—Me
dejó su número—comentó mi amiga— para que le llames en cuanto puedas.
Tomé el papelito, y me di cuenta que no sólo tenía el número
anotado sino también una dirección. No
estaba muy interesada en él, pero una curiosidad y un frío helado me recorrió
la espina dorsal junto con un deseo incontrolable por beber agua con sal y
tener sus dedos entre los míos. Tembló mi garganta. El zumbido constante de una
abeja cerca del oído me hizo caminar desesperadamente hacia la calle. Subí al primer taxi que encontré y le pedí al
chofer que me llevara a esa dirección.
—Pero
yo no llego hasta allá — dijo—. La puedo dejar cerca, pero tendría que caminar.
Yo asentí con la cabeza, mientras el corazón se me estrujaba como las ciruelas
pasas en el otoño tardío. Ni si quiera me acordaba bien de su rostro, sólo de
sus manos y del anillo de plata que llevaba puesto en el anular.
—Hasta
aquí llego muchacha—dijo el conductor—.Le pagué y me bajé como aturdida. No sabía
en donde estaba. El viento de octubre comenzaba a lubricar mis ojos y la
semioscuridad me hizo caminar hacia
adelante. Vi una vieja casa, de color blanco, que tenía en las esquinas dos quinqués
y unas macetas llenas de petunias. Decidí preguntar si alguien lo conocía. Un
hombre corpulento me dijo con la mirada amarilla y lívida.
—Te
está esperando al otro lado, si quieres te llevo y te digo donde está.
Me llevó a lo que alguna vez fue una
cantina. En cuanto entré me senté en la primera silla que estaba a mi paso, no
soportaba el peso de las piernas. El lugar estaba lleno de polvo y telarañas.

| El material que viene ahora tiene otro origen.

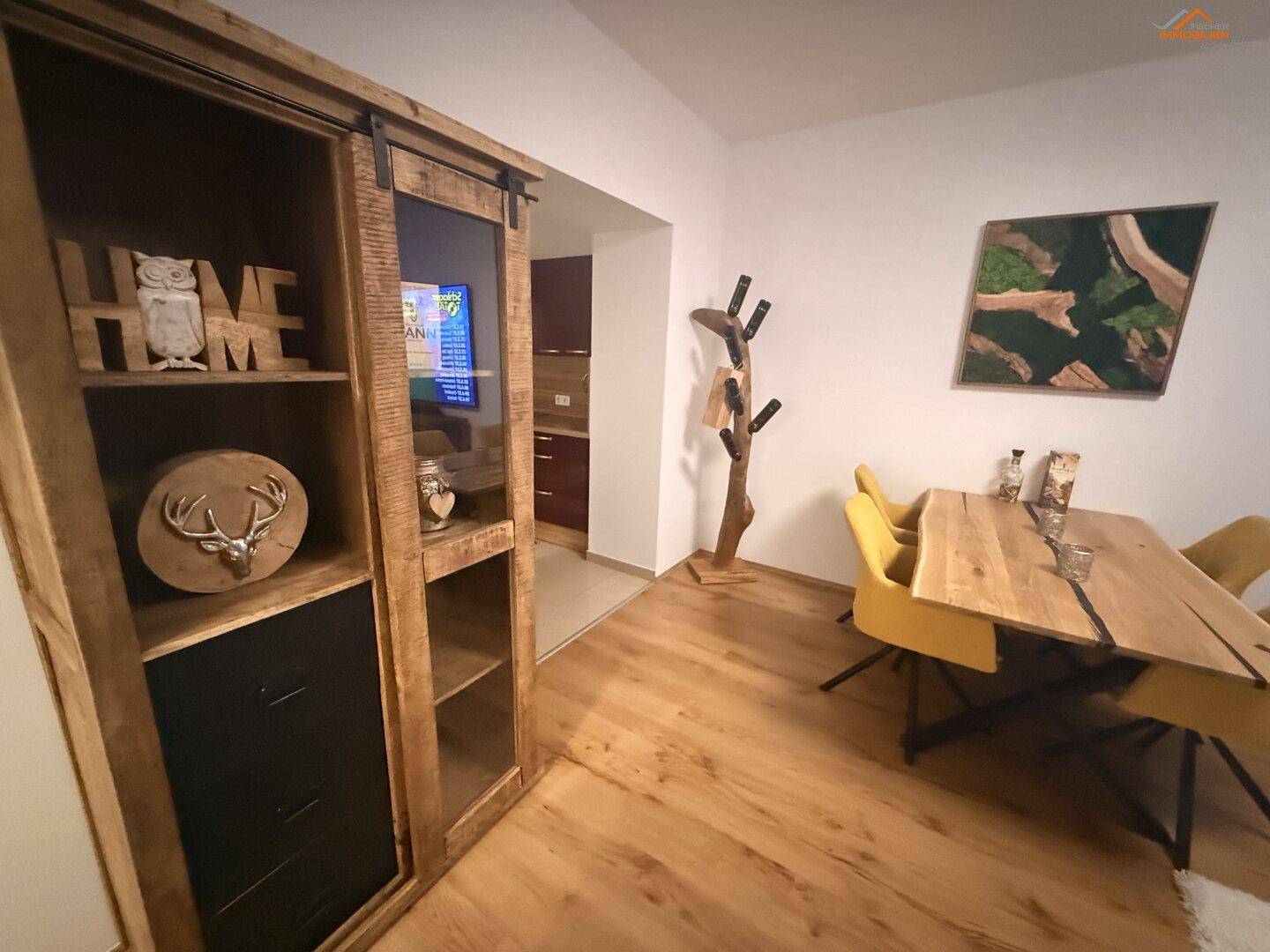 Essbereich mit Holztisch und gelben Stühlen, angrenzend an einen dekorativen Holzschrank.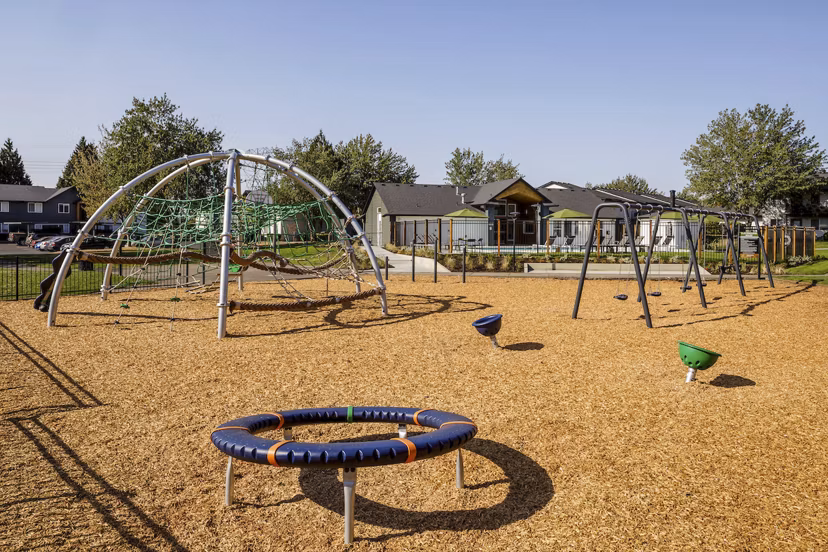 Cedar House Apartments: Colorful playground equipment for residents' families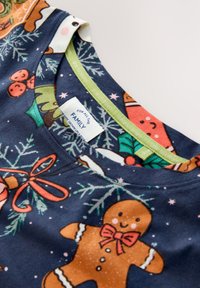 Tengerészkék pamut póló ünnepi motívumokkal, többek között mézeskalács figurákkal és karácsonyfákkal, kerek nyakkivágással és zöld szegéllyel.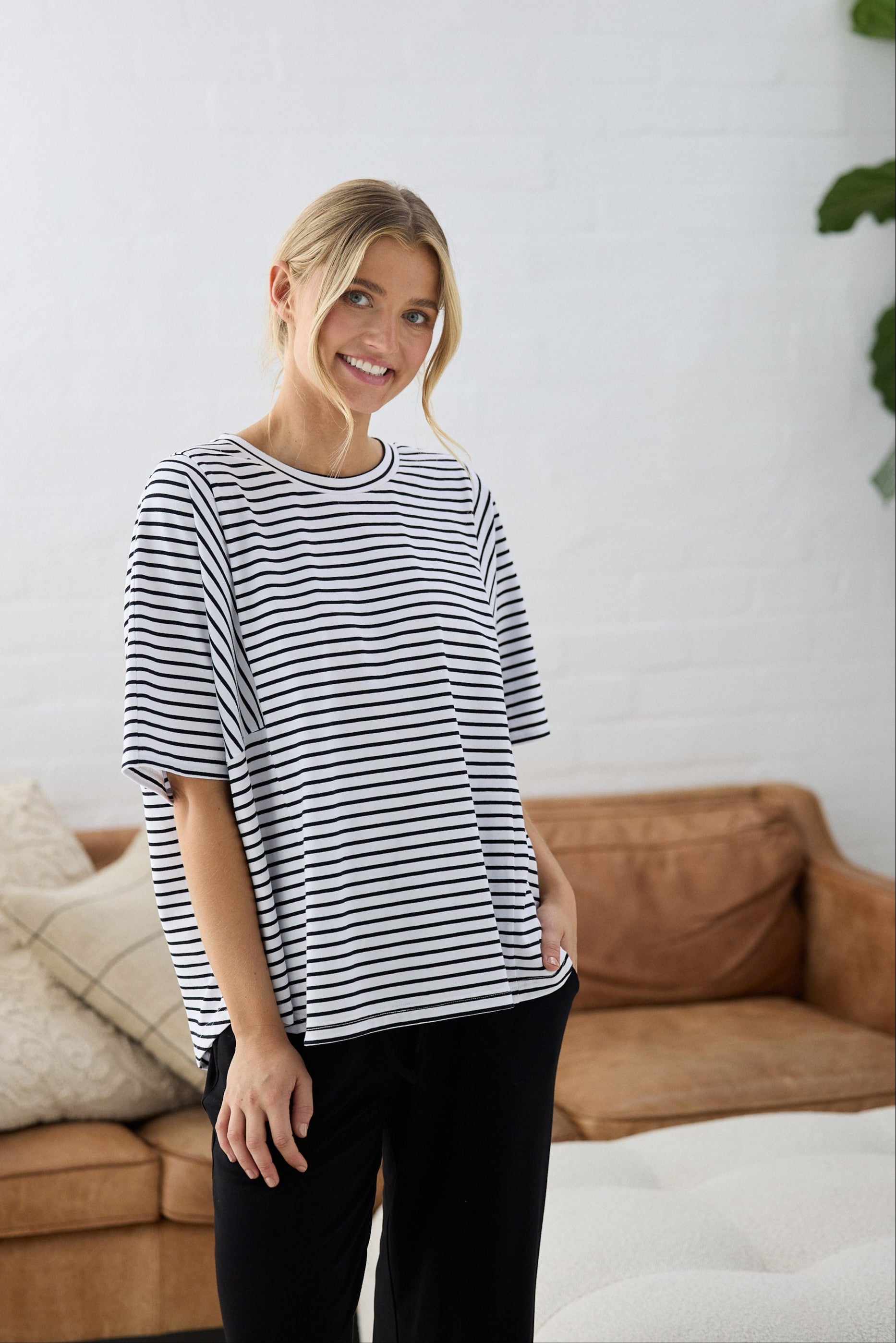 Woman wearing a striped shirt standing in a living room with a couch and plant.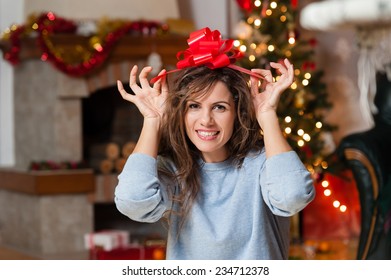 Young Woman Sitting Alone, In Front Of Christmas Tree ,holding A Gift Ribbon Over Her Head.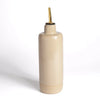 Beige ceramic bottle with gold cap on a white background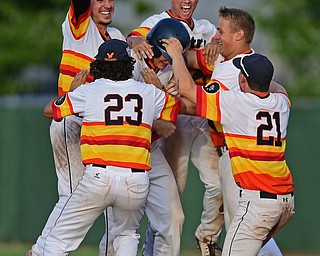 STRUTHERS, OHIO - JULY 24, 2016: Zachary Senchak #5 of Astro is mobbed by his teammates Matt Gibson #24, Jared Kapturasky #8, XXX, Richie Serignese #23 and Tyler Canova #21 after driving in the game winning run with a single in the seventh inning of their NABF Championship game Sunday night at Cene Park. Astro won 5-4. DAVID DERMER | THE VINDICATOR..There are two #9's on the roster sheet. Hank Clegg and Dylan Speicher.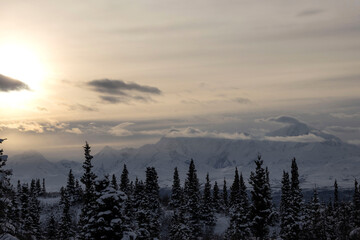 Bright sun over snowy mountains in Alaska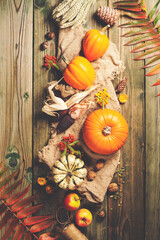 Autumn background - fallen leaves and healthy food on old wooden table.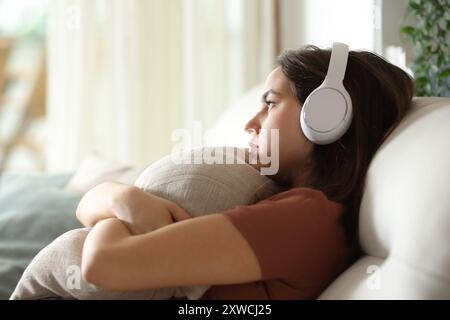 Traurige und melancholische Frau, die zu Hause Musik mit Kopfhörern hört Stockfoto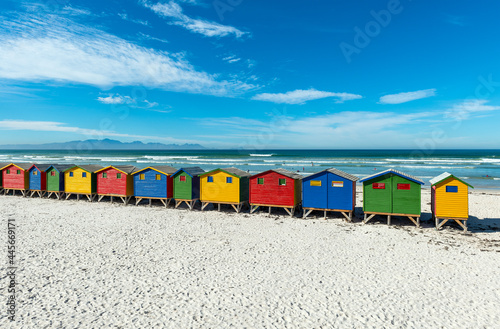 Muizenberg beach with colorful wooden beach cabins huts, Cape Town, South Africa.
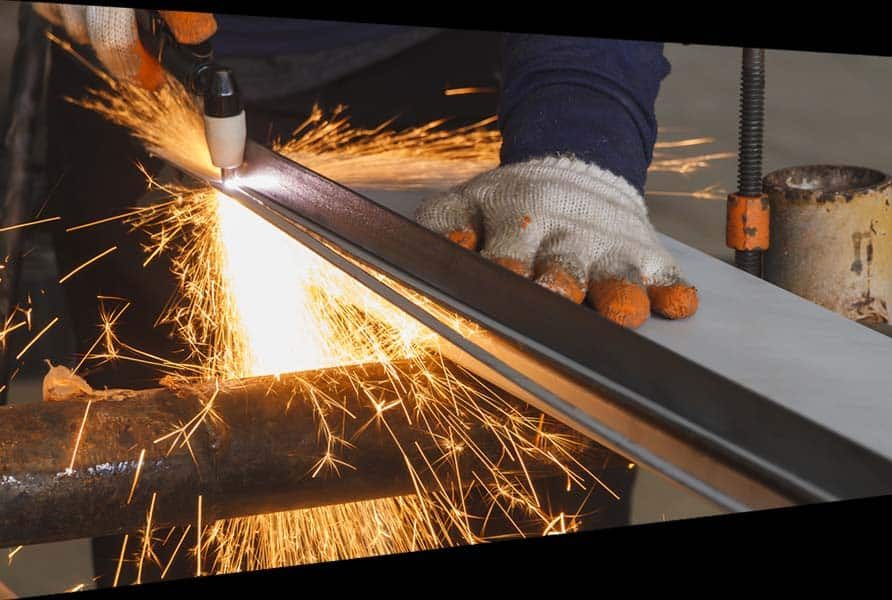 Worker Cutting the Steel — Structural Steel Fabricators in Gympie, QLD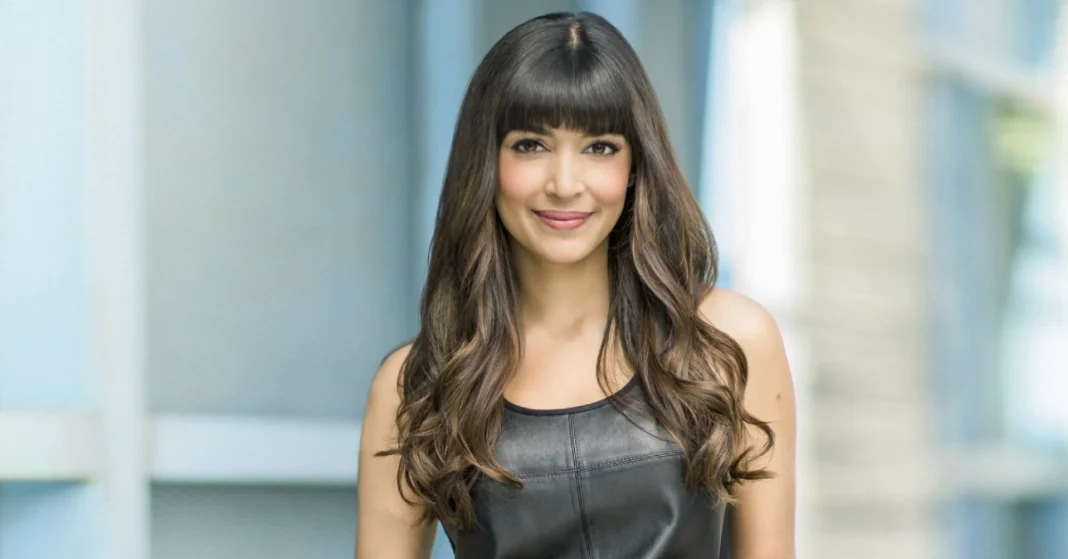Hannah Simone and her husband smiling together at a red carpet event, showcasing their strong bond and elegant style – perfect for a feature on Hannah Simone Husband.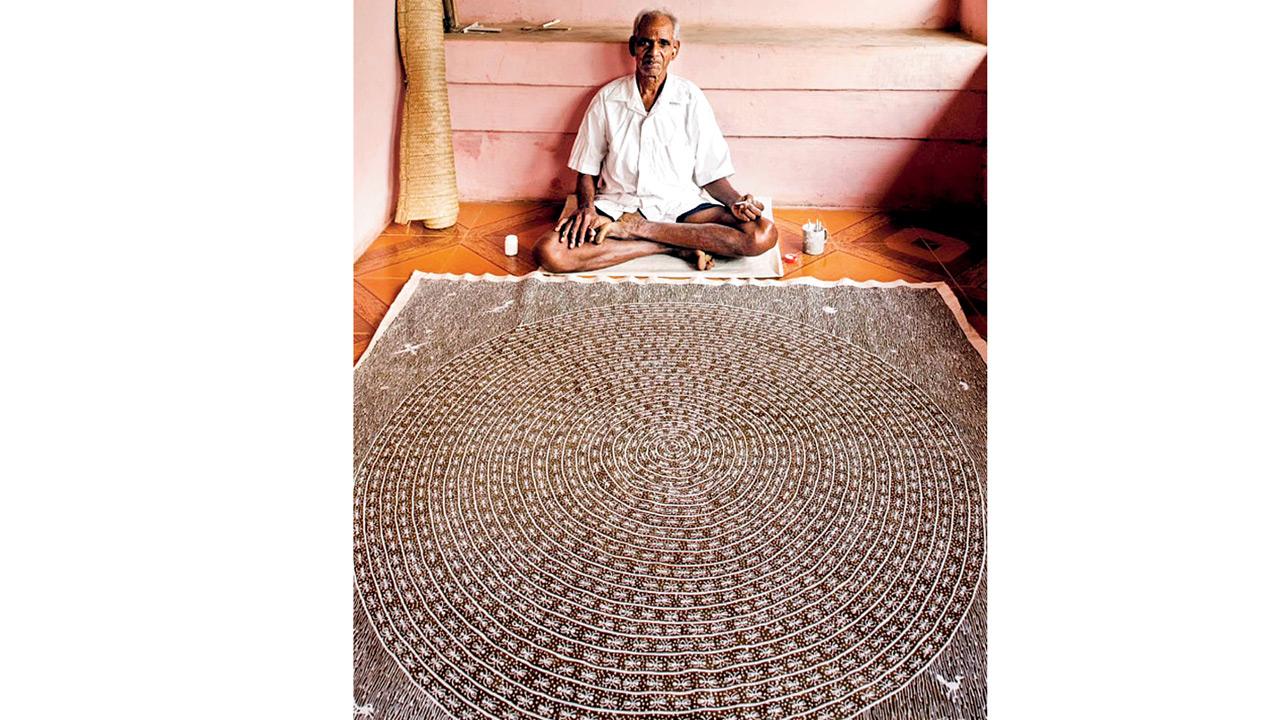 Mashe with his Warli art. Pic courtesy/ Antonio Martinelli
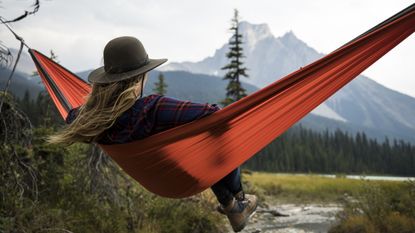 A woman relaxes in a hammock while looking at mountainous scenery.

Cuando giré para preguntarle dónde estaba el baño, se había ido. La cabeza me
iba a estallar, busqué unas pastillas en mi bolsa, caminé a la barra, me serví
un tarro de cerveza y me lo bebí todo sin respirar. Después de un suspiro hondo que llenó mis
pulmones de un aire seco, sentí sus manos apretando mi vientre. Entrelace sus
dedos con los míos, me volteé hacia él, pero su cara se confundía con la
penumbra del lugar. No dijo una palabra.
Salimos de la cantina y me condujo a un cuarto cerca de ahí. Nuestros cuerpos temblaban como lirios sobre
el agua. Absorbí la esencia de su piel, me tragué el aroma oscuro de sus
labios, mientras sentía como su cabello recorría mis ingles, el anillo frío de
su dedo anular hacía círculos en mi ombligo y con las uñas formaba figuras
triangulares en mi espalda. Su cabeza se cubría con el polvo de la habitación y la luz de la luna que entraba por la
pequeña ventana. Nos bebimos hasta el amanecer.
Cuando
desperté, estaba en el piso con la ropa puesta. Tenía un sabor de mariscos
podridos en la boca, entonces recordé que un día antes había cenado calamares
en una marisquería del centro. Las piernas me ardían, como si llevara rocas
sulfurosas en la sangre. No soporté el pantalón y me lo quité. Volví a sentir el zumbido de la abeja. Me senté
en un catre oxidado, hasta que el vómito me subió por la garganta y expulsé
todo. Un temblor me sacudió los brazos y me acurruqué al pie del catre, me percaté
de que tenía lunares rojos en los muslos y en los pechos. Cerré los ojos y recordé como su cabeza se acomodó
en mi abdomen. Me levanté y vi por la ventana. En el estupor, sentí que me
asfixiaba por el incienso que salía de las paredes de la habitación, quise
gritar pero no pude. Di dos pasos hacia atrás y pisé la punta de sus pies. Di la vuelta y me sonrió antes de que el polvo
que flotaba lo cubriera hasta
evaporarlo, junto con el perfume de flores quemadas.